▸ Information given:

------------------------

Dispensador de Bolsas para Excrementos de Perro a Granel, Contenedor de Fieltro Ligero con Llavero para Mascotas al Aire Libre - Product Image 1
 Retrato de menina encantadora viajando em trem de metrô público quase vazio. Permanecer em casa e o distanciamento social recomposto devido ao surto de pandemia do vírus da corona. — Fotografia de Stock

------------------------

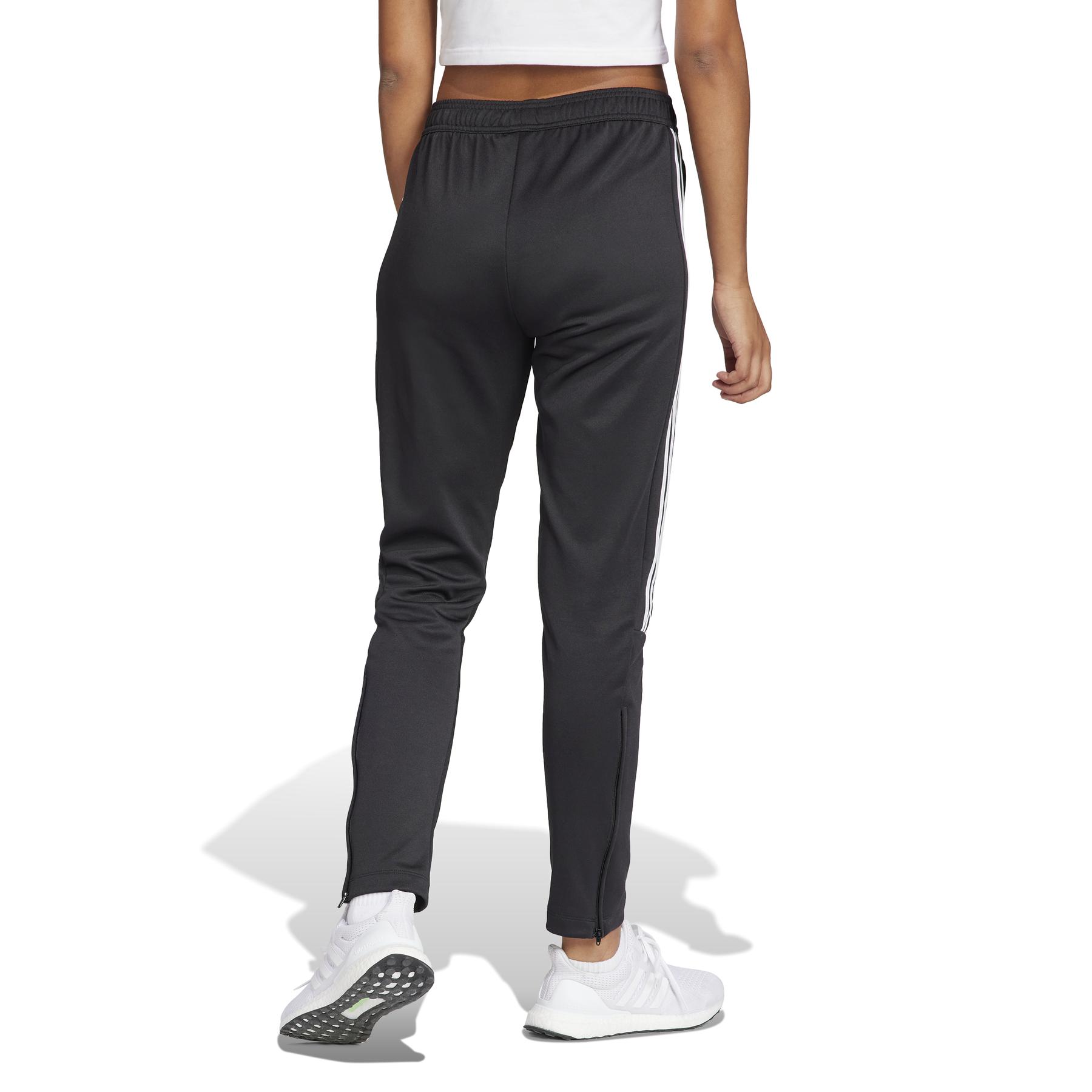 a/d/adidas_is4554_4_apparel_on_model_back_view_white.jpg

------------------------

The line above containing "Dispensador de Bolsas", the line containing "Retrato de menina", and every line between them are to be transcribed exactly; no other line is wanted.

▸ Response area:
Dispensador de Bolsas para Excrementos de Perro a Granel, Contenedor de Fieltro Ligero con Llavero para Mascotas al Aire Libre - Product Image 1
 Retrato de menina encantadora viajando em trem de metrô público quase vazio. Permanecer em casa e o distanciamento social recomposto devido ao surto de pandemia do vírus da corona. — Fotografia de Stock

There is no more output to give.